No se despertó. Fue más bien un retorno lento, como si irrumpiera de un fango viscoso —lo cual, irónicamente, acabaría siendo literal. Abrió los ojos. Sintió la piel tirante, la boca abierta en exceso, el cuerpo pesado.
Se incorporó con esfuerzo. Las patas se negaban a obedecer como antes. Un grupo de aves lo observaba desde una rama torcida. No huyeron. Lo aceptaban como parte de ese mundo de pesadez y silencio. Uno graznó, con cierta burla.
Intentó gritar. Emitió un sonido burbujeante, una mezcla entre tos y bostezo. Repugnante. Inútil. No tenía lenguaje. Ya no.
Lo supo antes de saberlo. Lo temió. La torpeza del movimiento se lo confirmó. Caminó con dificultad hacia lo que parecía el borde de una charca. El agua le devolvió su nuevo rostro. Ojos separados como si no quisiera verse entre sí. Una mueca inexpresiva.
Un hipopótamo.
No podía ser.
Pero era.
Mungu había prometido vengarse y bien que lo había hecho.

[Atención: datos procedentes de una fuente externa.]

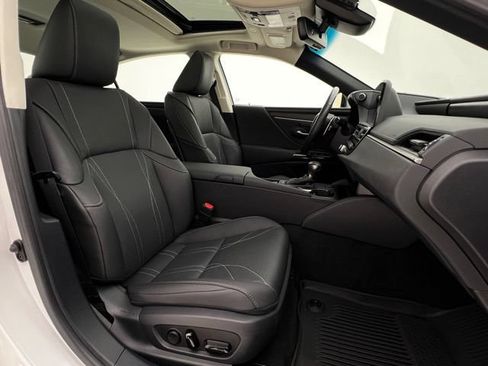 Used 2025 Lexus ES 300h w/ Technology Package FWD image 15
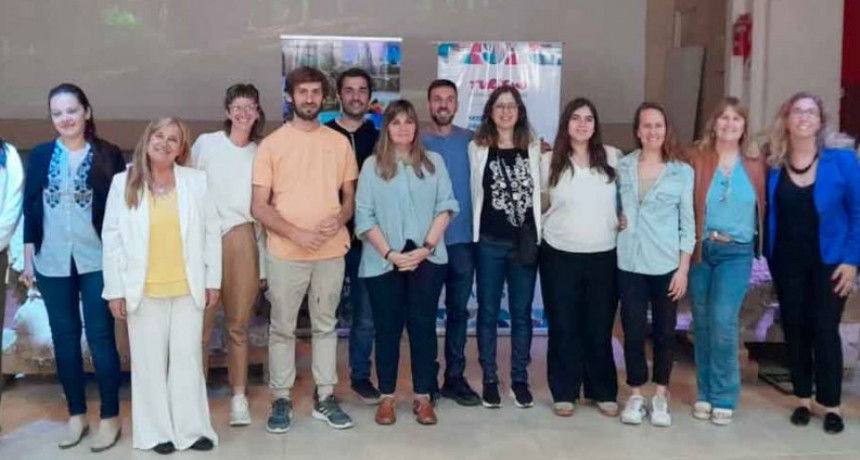 Con la presencia de la Subsecretaria Provincial, doctora María Soledad Martínez, se reunió  el Consejo de Turismo en Bolívar y estuvo FM 10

«Si al menos fuera un elefante», pensó. Los elefantes tenían grandeza. Los rinocerontes, incluso, habían alcanzado un prestigio brutal. Pero un hipopótamo... Ni en las fábulas que le contaba su abuela encontraban redención. Era una criatura ridícula, como creada para el escarnio.
Se arrojó al agua. Allí se sintió extrañamente ligero, aliviado.
Pasó un tiempo —imposible decir cuánto— antes de que comprendiera lo esencial: nadie lo devolvería. Era un castigo, no una lección. Ya no había nada que pudiera hacer. Así que se acabó acostumbrado al agua tibia y al sol que machacaba la superficie. Aprendió a no pensar. A hundirse. A respirar por la nariz con parsimonia. A seguir flotando cuando todo parecía hundirse.
Pero a veces, en las noches sin viento, se le escapaba un pensamiento.
«¿Se acordarán en el poblado de mí? ¿Me echará de menos Penda?»
Entonces agitaba las orejas, se revolcaba en el barro, como si el cuerpo pudiera responder con orgullo donde ya no quedaban palabras.
Al amanecer, era un hipopótamo más. Solo un animal vivo.
Y eso —aunque no lo admitiera— empezaba a parecer suficiente.